_ASSIGNED TASK_. Retype, word for word, every line of the records below starting at the one that contains "The Lost World: Jurassic Park - USED" and ending at the one that contains "Скачать книгу Рождённый во Тьме: Начало"; include both of those lines and nothing more.

_INPUT_.
--------
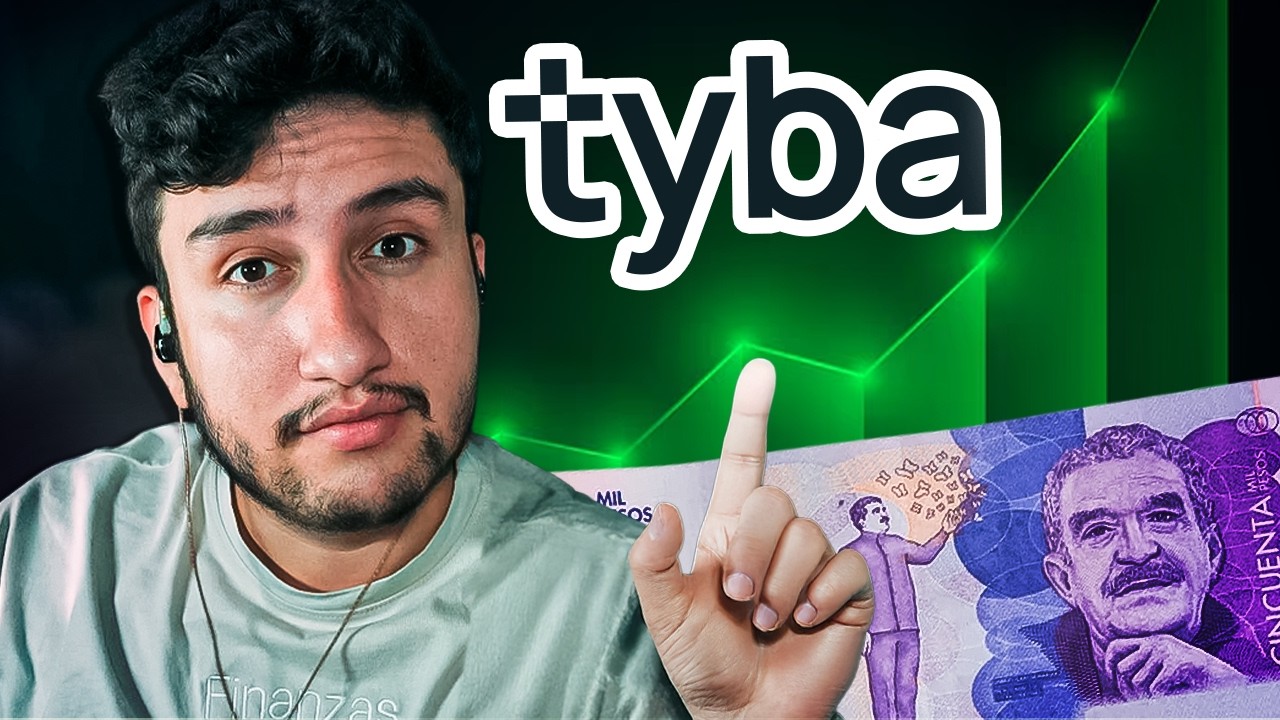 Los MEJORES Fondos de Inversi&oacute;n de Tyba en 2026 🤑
--------
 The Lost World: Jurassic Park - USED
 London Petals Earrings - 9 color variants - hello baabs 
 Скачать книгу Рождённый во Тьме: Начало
--------
_SOLUTION TO THE EXERCISE_.
 The Lost World: Jurassic Park - USED
 London Petals Earrings - 9 color variants - hello baabs 
 Скачать книгу Рождённый во Тьме: Начало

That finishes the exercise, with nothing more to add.